A classification of estuarine ecosystems is proposed that is based on energy flow as the common denominator among the biological, geological, chemical, and physical features that give estuaries their character. Estuarine ecosystems consist of organisms, populations, water flows, invisible pathways of cycling chemical elements, and various organizational mechanisms that cause the parts to be interrelated. Because conditions are never exactly the same, the estuarine systems that develop are all unique, but there are similarities that may form the basis for grouping and classification.

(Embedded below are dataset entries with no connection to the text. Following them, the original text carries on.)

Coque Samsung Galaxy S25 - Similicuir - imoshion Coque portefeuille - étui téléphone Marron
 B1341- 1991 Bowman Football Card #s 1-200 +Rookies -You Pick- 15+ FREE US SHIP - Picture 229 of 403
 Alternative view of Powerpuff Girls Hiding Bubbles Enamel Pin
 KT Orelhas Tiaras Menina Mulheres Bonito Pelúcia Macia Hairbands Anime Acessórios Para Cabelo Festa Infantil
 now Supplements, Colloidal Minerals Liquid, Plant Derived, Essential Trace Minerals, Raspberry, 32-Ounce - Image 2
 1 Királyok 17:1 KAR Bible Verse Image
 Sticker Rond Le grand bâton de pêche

A discussion is provided of the relation between the principal animals and plants; the vertical and horizontal zonation of species and energy; the pathways for processing food, minerals, and work; and the time variation of these in estuaries. The kinds of energy that usually dominate coastal systems are light energy, organic fuels, and mechanical fluid energy. Stress is considered an energy drain. Organisms are considered to adapt to particular combinations of energy flow and stress and their timing to provide programming of the biological and chemical processes that are characteristic of different types of estuarine systems. Organisms reflect differences between estuaries in their adaptations and diversities.
New ecological systems are evolving in response to the unique energy flows provided by man’s civilization. These have their characteristic complexes of organisms, chemical properties, and physical and geological parameters.
A system of 48 estuarine ecosystem types based on their characteristic energy sources is given.